Absolutely, thanks Paul for taking care of this.

>
> Thanx, Paul
>
> ------------------------------------------------------------------------
>
> commit b77b2981bb22c4449a0a6e86eeb9fbab36a2beae
> Author: Eric Dumazet <edumazet@xxxxxxxxxx>
> Date: Mon Apr 4 12:30:18 2022 -0700
>
> rcu-tasks: Handle sparse cpu_possible_mask
>
> If the rcupdate.rcu_task_enqueue_lim kernel boot parameter is set to
> something greater than 1 and less than nr_cpu_ids, the code attempts to
> use a subset of the CPU's RCU Tasks callback lists. This works, but only
> if the cpu_possible_mask is contiguous. If there are "holes" in this
> mask, the callback-enqueue code might attempt to access a non-existent
> per-CPU ->rtcpu variable for a non-existent CPU. For example, if only
> CPUs 0, 4, 8, 12, 16 and so on are in cpu_possible_mask, specifying
> rcupdate.rcu_task_enqueue_lim=4 would cause the code to attempt to
> use callback queues for non-existent CPUs 1, 2, and 3. Because such
> systems have existed in the past and might still exist, the code needs
> to gracefully handle this situation.
>
> This commit therefore checks to see whether the desired CPU is present
> in cpu_possible_mask, and, if not, searches for the next CPU. This means
> that the systems administrator of a system with a sparse cpu_possible_mask
> will need to account for this sparsity when specifying the value of
> the rcupdate.rcu_task_enqueue_lim kernel boot parameter. For example,
> setting this parameter to the value 4 will use only CPUs 0 and 4, which
> CPU 4 getting three times the callback load of CPU 0.
>
> This commit assumes that bit (nr_cpu_ids - 1) is always set in
> cpu_possible_mask.
>
> Link: https://lore.kernel.org/lkml/CANn89iKaNEwyNZ=L_PQnkH0LP_XjLYrr_dpyRKNNoDJaWKdrmg@xxxxxxxxxxxxxx/
> Signed-off-by: Eric Dumazet <edumazet@xxxxxxxxxx>
> Signed-off-by: Paul E. McKenney <paulmck@xxxxxxxxxx>
>
> diff --git a/kernel/rcu/tasks.h b/kernel/rcu/tasks.h
> index 65d6e21a607a..44977c6a1cb8 100644
> --- a/kernel/rcu/tasks.h
> +++ b/kernel/rcu/tasks.h
> @@ -273,7 +273,9 @@ static void call_rcu_tasks_iw_wakeup(struct irq_work *iwp)

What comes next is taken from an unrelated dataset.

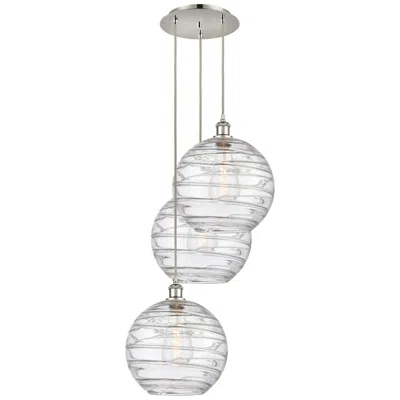 Innovations Lighting Athens 18.75"w 3 Light Polished Nickel Multi-pendant W/ Deco Swirl Shade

> static void call_rcu_tasks_generic(struct rcu_head *rhp, rcu_callback_t func,
> struct rcu_tasks *rtp)
> {
> + int chosen_cpu;
> unsigned long flags;
> + int ideal_cpu;
> unsigned long j;
> bool needadjust = false;
> bool needwake;
> @@ -283,8 +285,9 @@ static void call_rcu_tasks_generic(struct rcu_head *rhp, rcu_callback_t func,
> rhp->func = func;
> local_irq_save(flags);
> rcu_read_lock();
> - rtpcp = per_cpu_ptr(rtp->rtpcpu,
> - smp_processor_id() >> READ_ONCE(rtp->percpu_enqueue_shift));
> + ideal_cpu = smp_processor_id() >> READ_ONCE(rtp->percpu_enqueue_shift);
> + chosen_cpu = cpumask_next(ideal_cpu - 1, cpu_possible_mask);
> + rtpcp = per_cpu_ptr(rtp->rtpcpu, chosen_cpu);
> if (!raw_spin_trylock_rcu_node(rtpcp)) { // irqs already disabled.
> raw_spin_lock_rcu_node(rtpcp); // irqs already disabled.
> j = jiffies;